From London, he continued to cover the Middle East – flying out on general assignment and in crises. His coverage of the conspiracy behind the Pan Am 103 Lockerbie bombing won him an Emmy in 1990. This was a particularly productive period in his life, with regular reporting too for the Monitor and ABC News radio, as well as writing books.

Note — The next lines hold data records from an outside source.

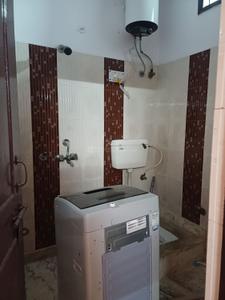 Bathroom Image of 500 Sq.ft 2 BHK Builder Floor for rent in Sector 12 Noida for Rs. 25000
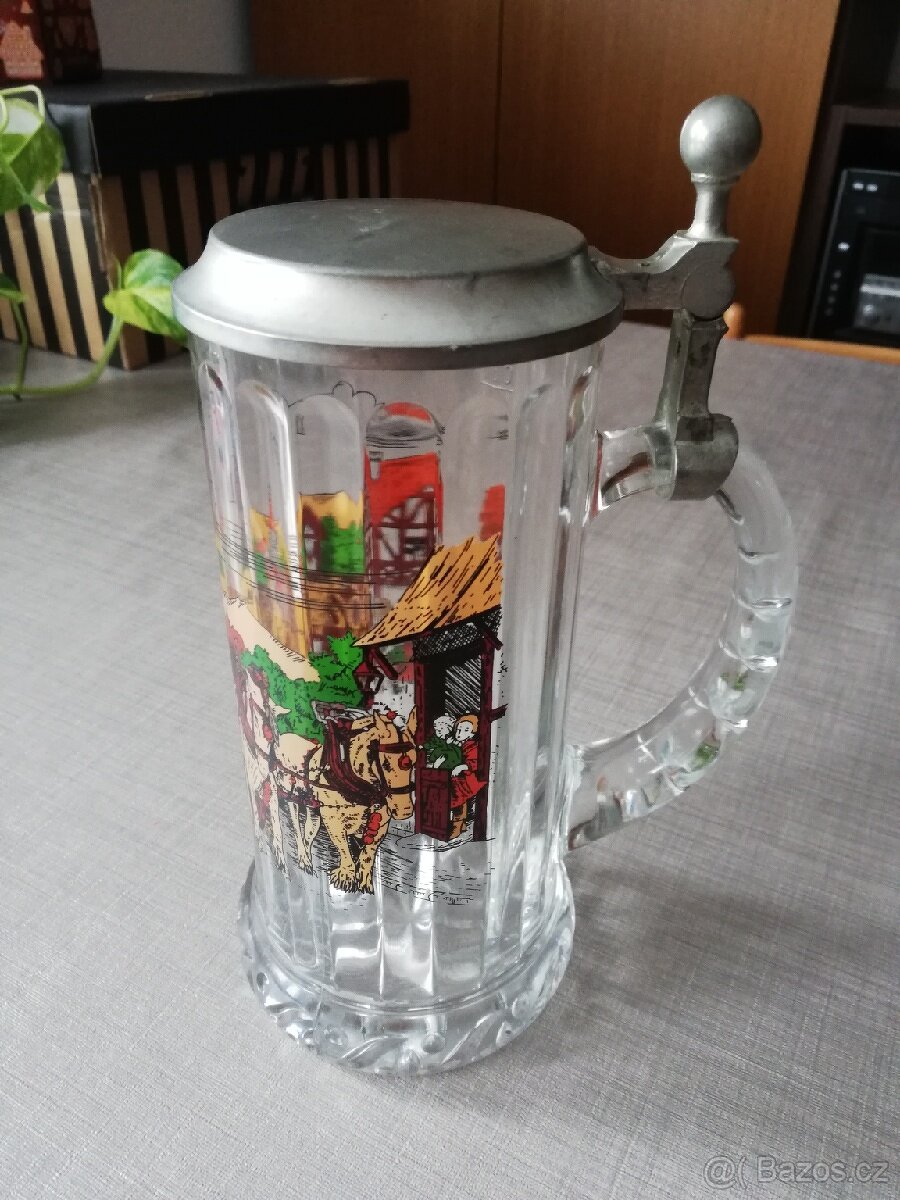 Půllitr malovaný s pokličkou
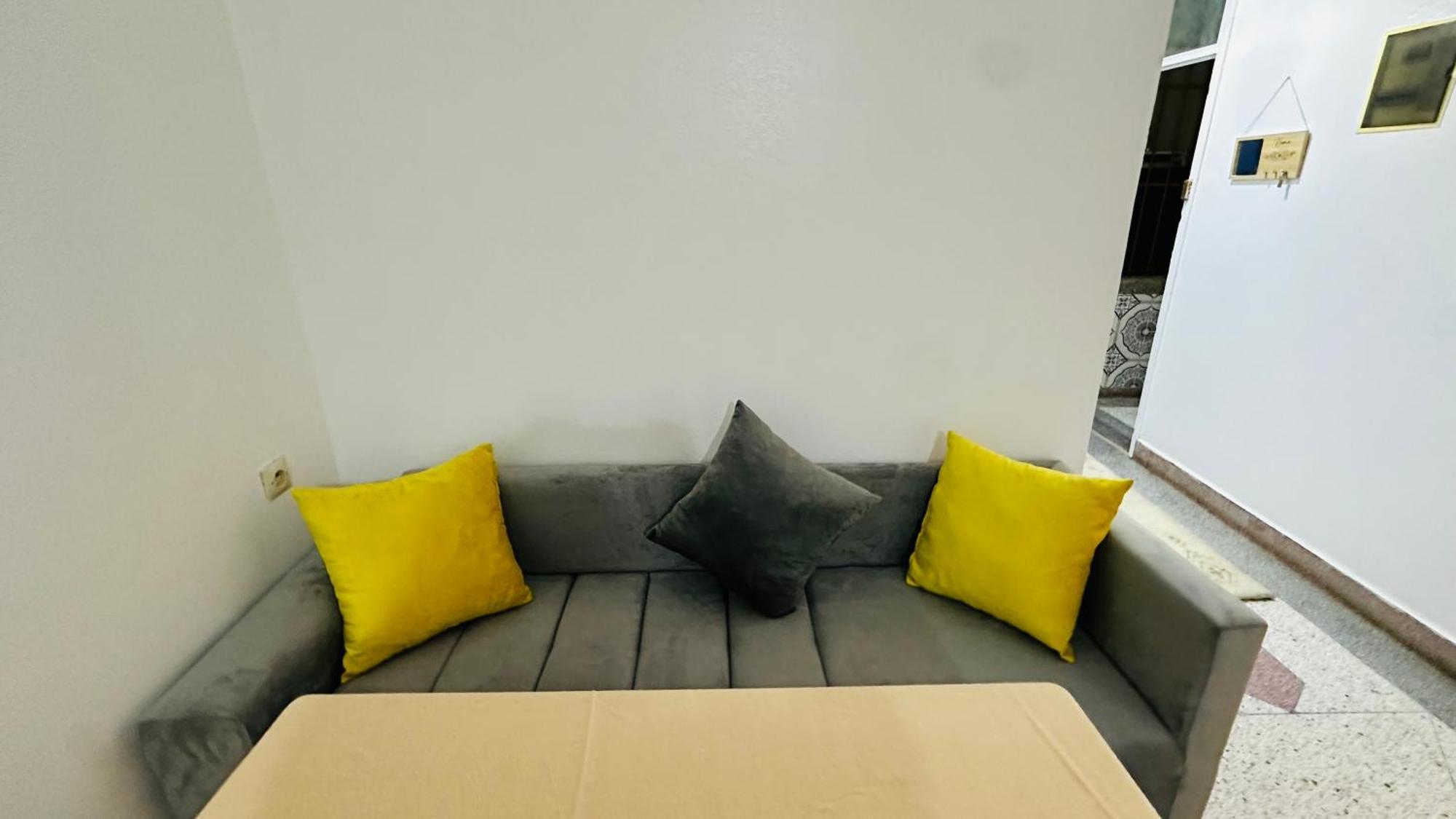 Karaz Homestay Grand Appartement Avec Rooftop Monte Arrouit 外观 照片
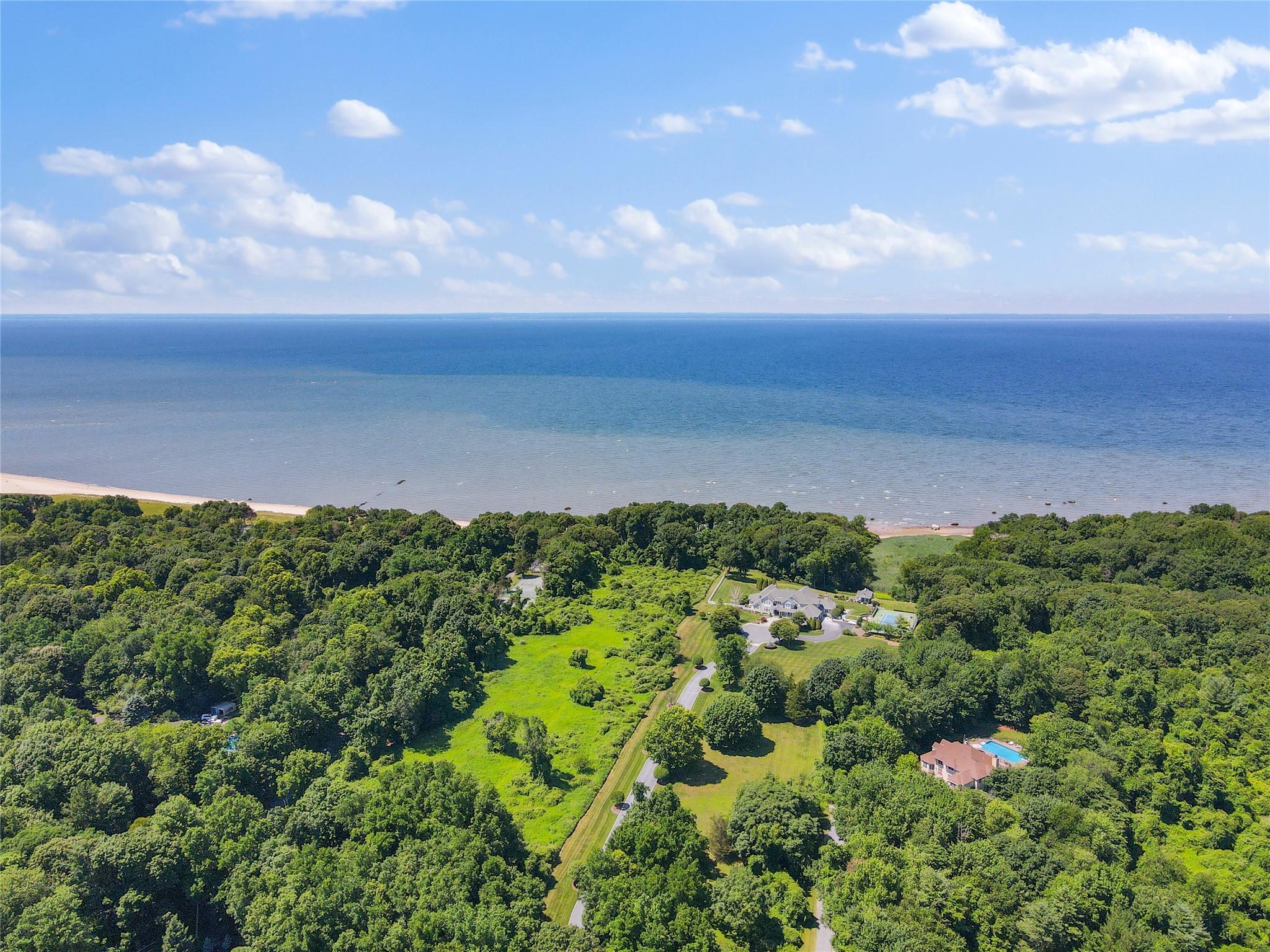 Boney Lane, Nissequogue, NY 11780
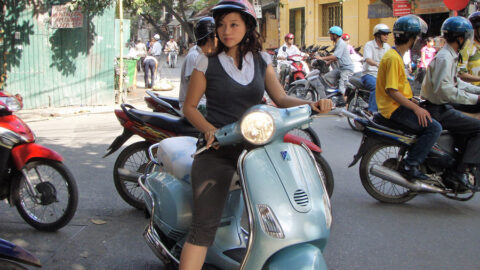 Vietnam Hanoi Vespafahrerin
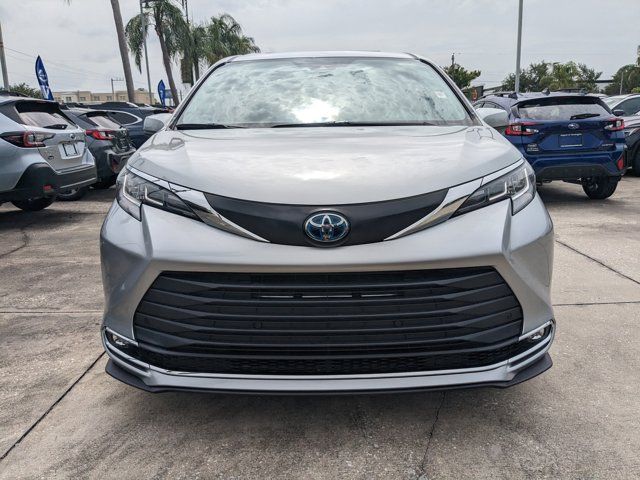 2022 Toyota Sienna XLE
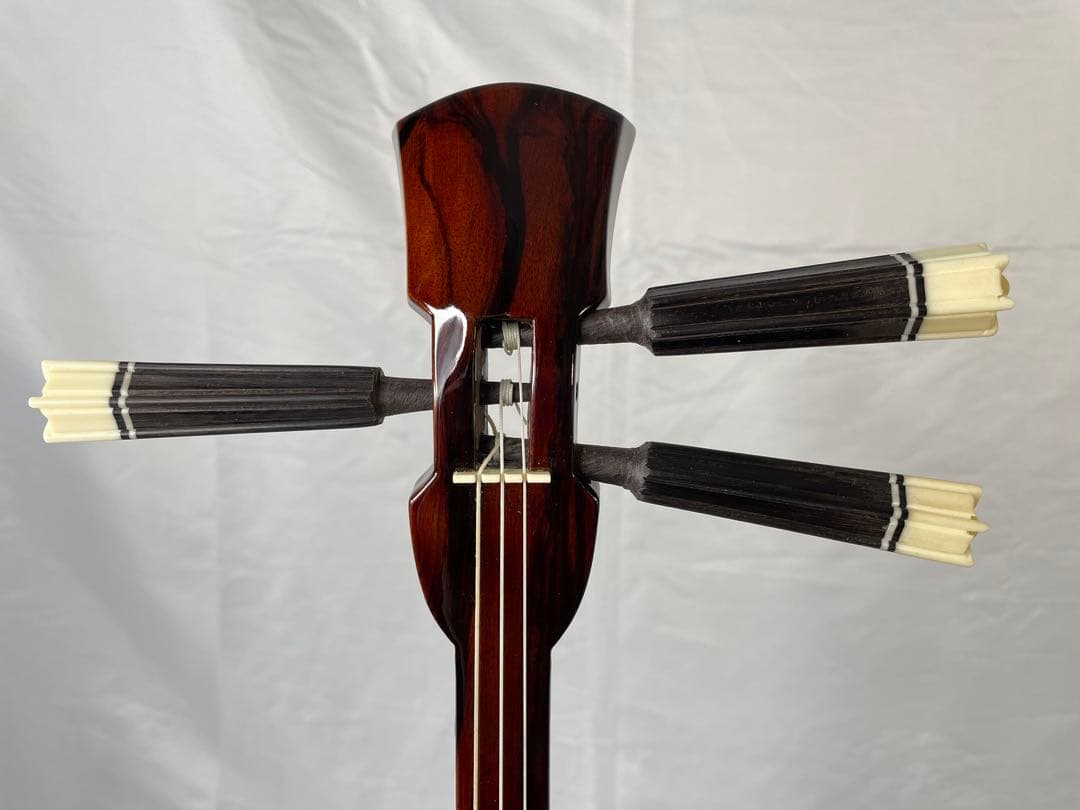 縞黒檀/カマゴン棹 強化張り・蛇皮三線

His book on Osama bin Laden, Unholy Wars: Afghanistan, America and international terrorism, was published in 1999 (with an updated edition appearing after the 11 September attacks) and is regarded as one of the most accurate studies of the roots of al-Qa'ida and its war on the United States. In 2002, Cooley published information that Jordanian intelligence had warned the American government "that a major attack was planned inside the continental United States. It said aircraft would be used. . . The code name of the operation was mentioned: in Arabic, Al Ourush al-Kabir, 'The Big Wedding'".

Neither the Bush administration nor the flawed 9/11 Commission explained why the warning was ignored.

Charles Glass

John Kent Cooley, journalist, broadcaster and writer: born New York 25 November 1927; married 1951 Edith Stoegermayer (one daughter; marriage dissolved 1970), 1970 Eugenia Katelani (one son); died Athens 6 August 2008.